* **Given material**
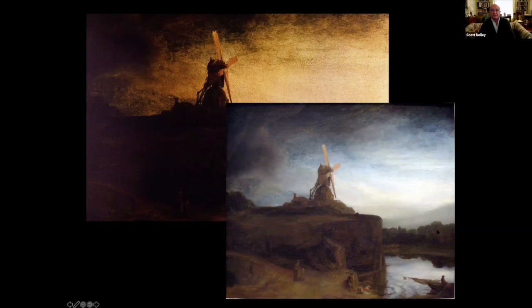A perfect example is the restoration of Rembrandt's The Mill at the National Gallery. When the painting was restored and the yellow varnish was removed to reveal the artist's original intent, it caused a total furor. People considered the painting ruined, changed beyond repair, when actually all that had been done was the removal of hundreds of years of accumulated yellow varnish and dirt.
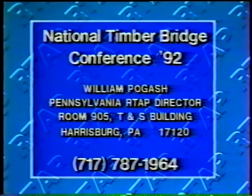Information on the conference can be obtained by contacting William Pogash, Pennsylvania RTAP Director, Room 905, TNS Building, Harrisburg, Pennsylvania 17120, or call 717-787-1964. Tell them you saw it in the idea store.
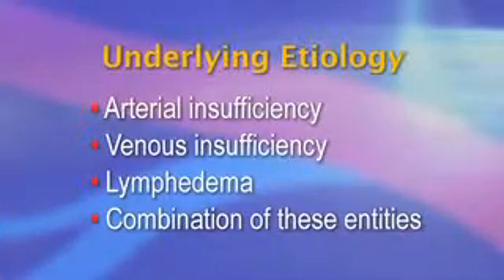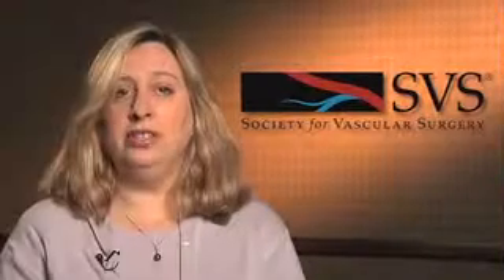The underlying etiology of vascular wounds includes arterial insufficiency, venous insufficiency, lymphedema, or a combination of these disease entities. Arterial insufficiency is diagnosed initially by non-invasive means, confirmed by angiography.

* **Problem to work on**
From the first line to the last, repeat the data above exactly and leave the pictures out.

* **Task response**
A perfect example is the restoration of Rembrandt's The Mill at the National Gallery. When the painting was restored and the yellow varnish was removed to reveal the artist's original intent, it caused a total furor. People considered the painting ruined, changed beyond repair, when actually all that had been done was the removal of hundreds of years of accumulated yellow varnish and dirt.
Information on the conference can be obtained by contacting William Pogash, Pennsylvania RTAP Director, Room 905, TNS Building, Harrisburg, Pennsylvania 17120, or call 717-787-1964. Tell them you saw it in the idea store.
The underlying etiology of vascular wounds includes arterial insufficiency, venous insufficiency, lymphedema, or a combination of these disease entities. Arterial insufficiency is diagnosed initially by non-invasive means, confirmed by angiography.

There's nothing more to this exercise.